The code is clean. The architecture is sound. The performance is good. But more than that, the puzzle design is intentional. Every terrain type creates a specific problem space. Night mode with its brutal beam budget teaches constraint thinking. Wind and River teach lateral thinking. Earthquake and Decay teach dynamic failure modes. The difficulty curve is intentional. The visual language is consistent.

What's Next

Structle is live right now. The core game is still a work in progress and running on Vercel. But this is the beginning of something bigger. I want to expand the puzzle library beyond twenty-five. I want to explore seasonal themes. I want to build a leaderboard system where people can compete on puzzle scores. I want to experiment with user-generated puzzles, which would require a backend architecture to validate and serve dynamic configurations.

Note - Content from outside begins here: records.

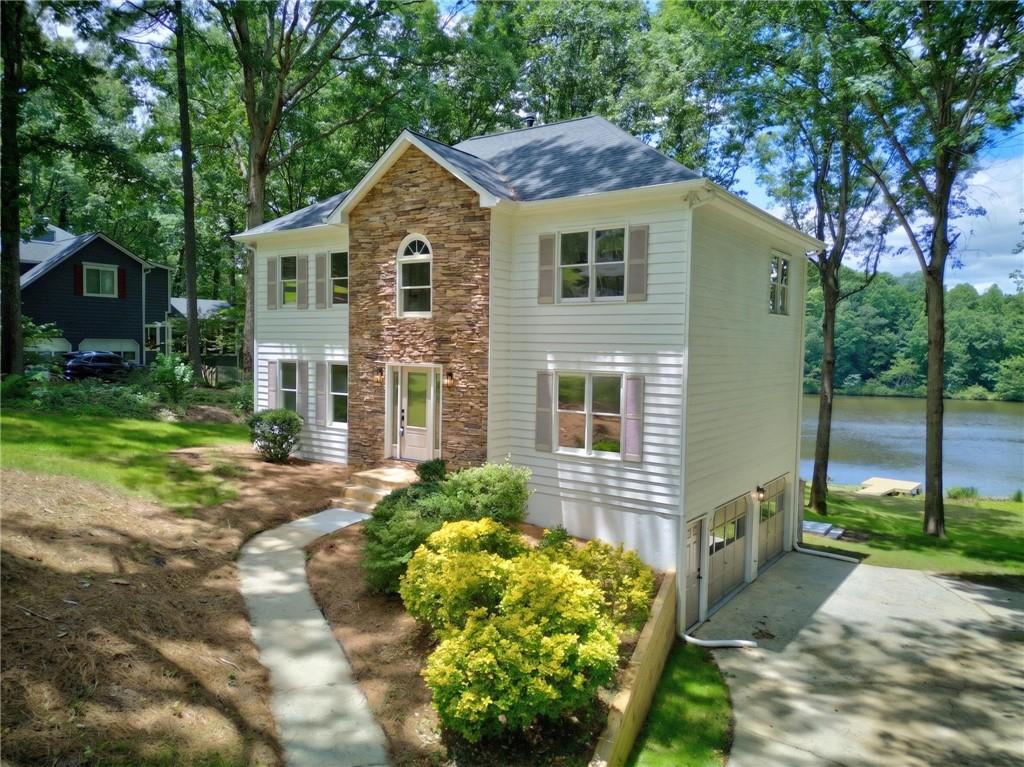 511 Lakeside Drive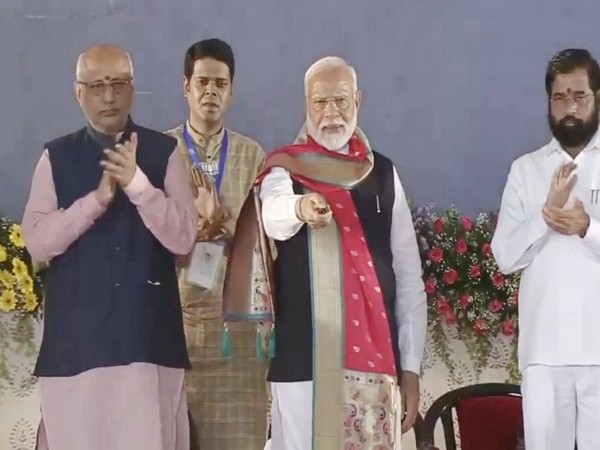 PM Modi lays foundation stone of Vadhvan Port 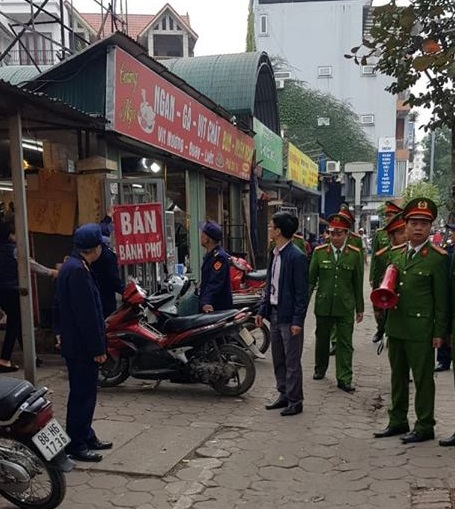 Xử l&yacute; trật tự đ&ocirc; thị tr&ecirc;n một số tuyến phố lớn như Đội Cấn, Linh Lang, Phan Kế B&iacute;nh, Đ&agrave;o Tấn...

There's also the question of platforms. Mobile-first is the current reality, but a desktop version would be interesting. And if the game gets traction, I want to explore what a game with this foundation can become when you add progression systems, narrative threads, or community features.

But right now, what matters is that I've proven to myself that I can build a game, ship it, and have it feel complete and intentional. The technical foundation is solid. The design is clear. The physics feel right. Everything beyond that is iteration and growth. And after years of building design systems and component libraries, iteration and growth in service of pure fun feels like the right move.